Nos ha tocado la lotería. Ahora somos más ricos, me refiero a la media; aunque en estos casos la media aritmética es poco respetuosa con quienes no han visto un duro. (Si hay dos individuos –dicen–, y uno de ellos se come dos pollos y el otro ninguno, la media indicará que ha comido un pollo cada uno.) Y mira por dónde, la Iglesia, que por mandato cristiano (“vende todo lo que tienes y dalo a los pobres”) es quien debe alertarnos sobre los peligros de acumular riquezas y de los egoísmos y demás vicios que despierta el dinero en las personas, ha sido foco principal de distribución de millones en el pueblo, que, por otra parte, desde mi pobre concepto mundano de la existencia, pienso que bienvenidos sean.

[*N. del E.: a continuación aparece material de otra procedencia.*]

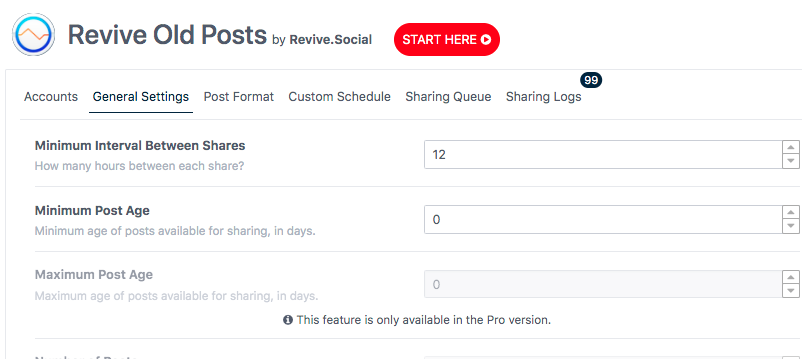 Auto Post To Social Media From WordPress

Ahora tenemos más perras aún. Y podemos comprar muchas más cosas. Obtener más bienes de consumo, realizar más inversiones, gozar más y mejor del ocio, o, simplemente, adquirir estatus social mediante signos de ostentación, y, de paso, olvidarnos de lo pobres que éramos no hace muchos años. O, de lo vergonzosamente pobres que llegamos a ser hace algunos más, cuando teníamos que emigrar al extranjero con nuestras caspas y nuestro estigma de subdesarrollo (¡espagnol: merde!, nos decían los franchutes), y éramos los seres más resignados del mundo, y volvíamos luego, de allende los Pirineos, con aquellos viejos automóviles cargados de productos que aquí no se encontraban normalmente, lo mismo, lo mismo que ahora vemos a los moros (ninguna palabra es ofensiva si se le concede a toda persona igual dignidad que a uno mismo) camino de Algeciras. Y resulta gracioso, cuando menos, que haya sido la propia Iglesia, la que supuestamente debería conducirnos al Reino de los Cielos, la que nos aleje de Él por la vía de la riqueza (“más fácil pasará un camello por el ojo de una aguja...”, ya lo saben, ¿no?; es que Jesucristo era un hombre que hablaba como Dios).

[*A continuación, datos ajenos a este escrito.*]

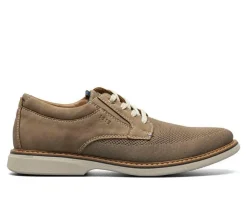 Nunn Bush Dress>Men's Otto Knit Plain Toe Dress Shoes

¡Vaya papeleta!, ahora tenemos otro quebradero de cabeza: colocarlas en el mercado negro de los defraudadores del capital. ‘En tal entidad dicen que ofrecen tanto’, ‘fulano conoce a un intermediario que paga cuanto’, etc. (porque, claro, en este país, las cifras del PIB están muy por debajo de la realidad, y hay cantidades ingentes de dinero negro esperando estos subterfugios para salir a la luz sin pagar impuesto). Y nosotros, de pronto, no sabemos qué hacer con la dichosa papeleta, y nos entra desazón por no haber comprado más que una (“yo siempre compro diez”, nos dice un listo: “yo una, jamás”), y se nos despierta entonces la codicia que llevábamos dormida tantos años. Y la envidia por los siete kilos del vecino, que ya se ha pedido un Audi. Y la avaricia, pues aún nos sabe a poco. Y nos entran ganas ahora de comprar participaciones de todos los sorteos.

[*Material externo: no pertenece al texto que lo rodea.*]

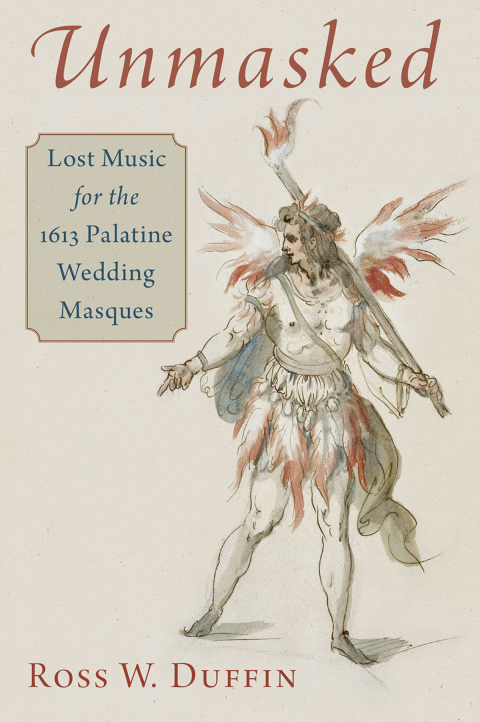 Cover image for book Unmasked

Y en éstas va la Iglesia y pide (de suyo es pedir; si no de dónde, iba ella a poseer tantísimo patrimonio, aún después de Mendizábal). La Iglesia opina que no estaría mal que los “nuevos millonarios” aflojen un poco el bolsillo. Un pequeño diezmo, al menos, en justa reciprocidad por la suerte repartida. Pero ¡hombres de Dios! –digo yo–, ¿no recuerdan el pasaje evangélico del ‘joven rico’?, si cuanto más se tiene, más se quiere. Ay, pero se ve que lo han olvidado. Hasta han olvidado que las directrices romanas, en su catecismo de hace sólo seis o siete años (cito de memoria siempre), ‘aconsejaban’ a los católicos no participar en los juegos de azar (¿hay algún tipo de reparto más insolidario?).
En fin, a quien Dios se la dé San Pedro de la bendiga. Ah, pienso y espero que por lo antedicho nadie se vaya a rasgar la camisa. Pero si a alguien produjera el más leve escozorcillo: mis sinceras disculpas, de este humilde terrenal que admite estar hecho de la misma sustancia que las plantas y las estrellas. Y al que también le ha tocado.